Le président camerounais annonce une modification du calendrier électoral

Dans son discours traditionnel pour la Journée de la jeunesse, le président camerounais Paul Biya a annoncé un « léger ajustement » du calendrier des élections législatives et municipales, pour lesquelles la commission électorale devait se réunir en février. Cette décision intervient après un premier report des élections. Initialement prévues l’année dernière, elles avaient été reportées au début de l’année 2026, prolongeant ainsi l’état d’urgence dans le pays.

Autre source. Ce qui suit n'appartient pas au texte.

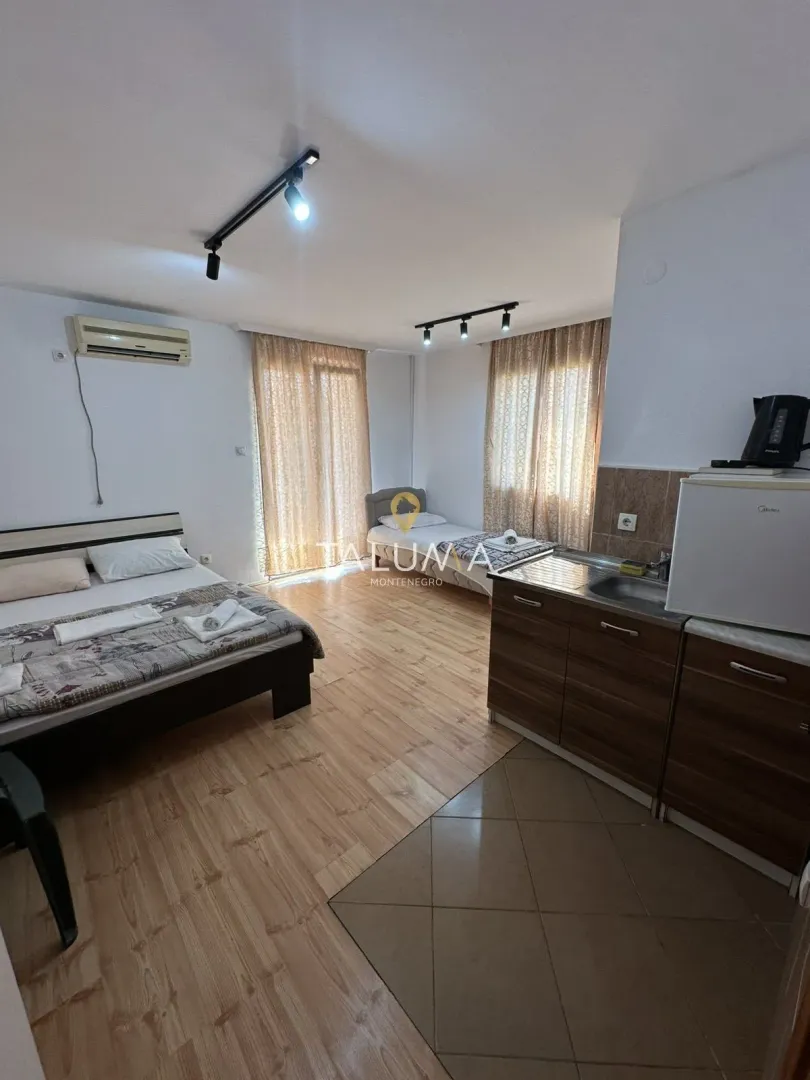 Izdavanje, stan, 200m², Gornja Gorica, Podgorica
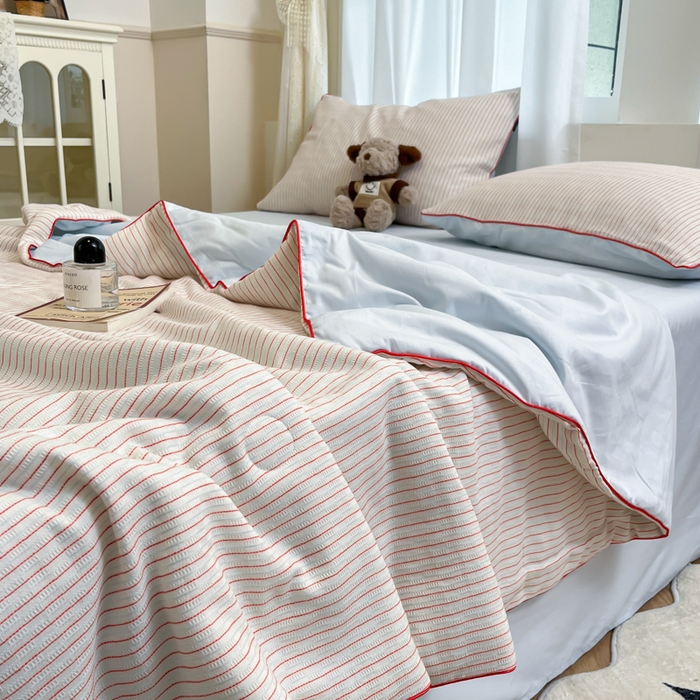 91家纺网 家纺一手货源 找家纺 宜代光年 2025新款全棉提花森韵系列大豆夏被子被芯 森韵夏被-天蓝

Cette modification n’a pas surpris les acteurs politiques, dont certains estiment que la tenue de la réunion de la commission électorale à la date initialement prévue aurait raccourci le mandat des parlementaires, prolongé l’année dernière jusqu’au 31 mars 2026. La prochaine session parlementaire est prévue le 10 mars.

Sur le plan politique, cette décision a suscité des interrogations chez Cabral Libé, président du Congrès national du Cameroun (CNCP) et député. Il s’est dit surpris que de nouvelles élections présidentielles n’aient pas été convoquées seulement trois mois après les précédentes, arguant qu’une telle mesure n’aurait de sens que si des réformes fondamentales, telles que la révision de la Constitution et de la loi électorale, étaient présentées au Parlement afin de remédier aux contestations post-électorales. À l’inverse, le Mouvement démocratique populaire (MPM), parti au pouvoir, a salué le report, le jugeant pleinement conforme à la Constitution. Grégoire Owona, secrétaire général adjoint du parti, a confirmé que certains Camerounais avaient déjà réclamé un report, tandis que d’autres envisageaient un boycott.

Le président Biya a justifié le report en invoquant un cas de « force majeure », sans plus de précisions. De son côté, Hiram Eyodi, le plus jeune candidat à la dernière élection présidentielle, s’est inquiété du fait que la véritable raison du report soit liée à la capacité de l’État à financer le processus électoral. Le Mouvement pour la reconstruction du Cameroun (MRC), qui avait annoncé officiellement son retour à la compétition électorale après avoir boycotté les élections de 2020, n’a pas encore publié de déclaration officielle à ce sujet. Selon des sources internes, le parti de Maurice Kamto attend la publication d’une procédure officielle avant de communiquer sa position définitive.